Alice não é mais a mesma. Aos 19 anos, a menina sonhadora criada pelo escritor inglês Lewis Carroll tem o dote posto à disposição para salvar sua família da bancarrota. Ao ser pedida em casamento pelo filho de um dos amigos do falecido pai, um dândi sem graça e nojento, ela enfrenta uma decisão que a colocará definitivamente no mundo dos adultos. Este é o ponto de partida de "Alice no País das Maravilhas", a versão de Tim Burton para o clássico de Carroll. Assisti e, como tudo que Tim Burton faz, me chocou e depois me conquistou. Amei.

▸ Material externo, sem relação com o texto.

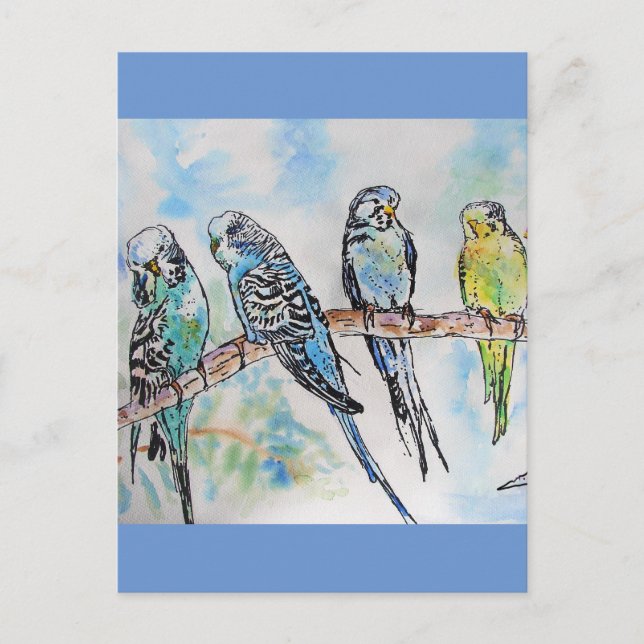 Budgie Budgies Carte Oiseau de peinture aquarelle (Devant)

Burton jamais adaptaria um clássico dessa envergadura se não pudesse, de alguma maneira, subvertê-lo ou, no mínimo, transcendê-lo. E ele sabe como fazer isso com maestria. Eu recomendo.
MINHA FRASE
Aproveitando a temática do filme, vou dividir com vocês minha frase predileta dessa história e que sempre me fez pensar muito no rumo que sempre quis dar pra minha vida:
“Podes dizer-me, por favor, que caminho devo seguir para sair daqui? – pergunta Alice.
Isso depende muito de para onde queres ir – respondeu o gato.

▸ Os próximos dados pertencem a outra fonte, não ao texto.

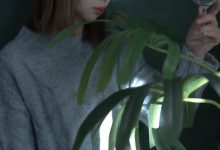 [YITUYU艺图语]2022.05.02 斗鱼 小可爱[21+1P／168MB]-妹子图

Isso depende muito de para onde queres ir – respondeu o gato.
Preocupa-me pouco aonde ir – disse Alice.
Nesse caso, pouco importa o caminho que sigas – replicou o gato.”
Suas escolhas fazem o que você é e onde chegará. Quem não sabe pra onde vai, não chega a lugar algum.

2 comentários:
É, além de escolher o caminho, é preciso concluí-lo, ou vamos tomar vários e sempre recomeçarmos achando que o outro era melhor... Até acabar com todos sem tomar nenhum.
Hummm... isso é uma indireta sobre nossa ultima conversa e de como eu lido com os sonhos alheios??? ahahhahahaa... me senti a Rainha de Copas agora.